Es kommt vor allem darauf an, wie die politischen und wirtschaftlichen Rahmenbedingungen gestaltet werden, um solche Änderungen herbeizuführen. Ein Durchstoßen von Disziplinengrenzen bringt auf jeden Fall Synergien: Forscher des IIASA in Laxenburg haben kürzlich berechnet, dass es um 40 Prozent billiger kommt, wenn man Energiesicherheit, Gesundheit und Klimaschutz simultan durch Maßnahmen optimiert, die in allen drei Bereichen wirken, als jeden Bereich für sich zu optimieren.

Feilschen um Kyoto II

Der einzige konkrete Beschluss der Doha-Klimakonferenz soll die Verlängerung des Kyoto-Abkommens sein. Dieses Abkommen, bei dem sich 1997 an die 40 Industriestaaten zu CO2-Reduktionen verpflichtet haben, tritt Ende 2012 außer Kraft.
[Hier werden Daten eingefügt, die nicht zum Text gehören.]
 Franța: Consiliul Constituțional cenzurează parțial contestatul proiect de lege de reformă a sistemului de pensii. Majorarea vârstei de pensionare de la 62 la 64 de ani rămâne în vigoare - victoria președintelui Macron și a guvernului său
Damit hängt auch der EU-Handel mit Emissionszertifikaten in der Luft. Europa hat eine Fortführung bis 2020 bereits beschlossen – höchst umstritten ist aber, was mit übrig gebliebenen Zertifikaten aus der ersten Periode geschehen soll. Wegen des Überangebotes ist der Preis zuletzt auf sechs Euro je Tonne CO2 eingebrochen.

In Kyoto II wollen sich nur die EU, Norwegen, die Schweiz und Australien zu Reduktionen verpflichten. Diese Staaten stehen gerade einmal für 14 Prozent der weltweiten Emissionen. Das ist weniger als China (26,2 Prozent) oder die USA (17,6 Prozent).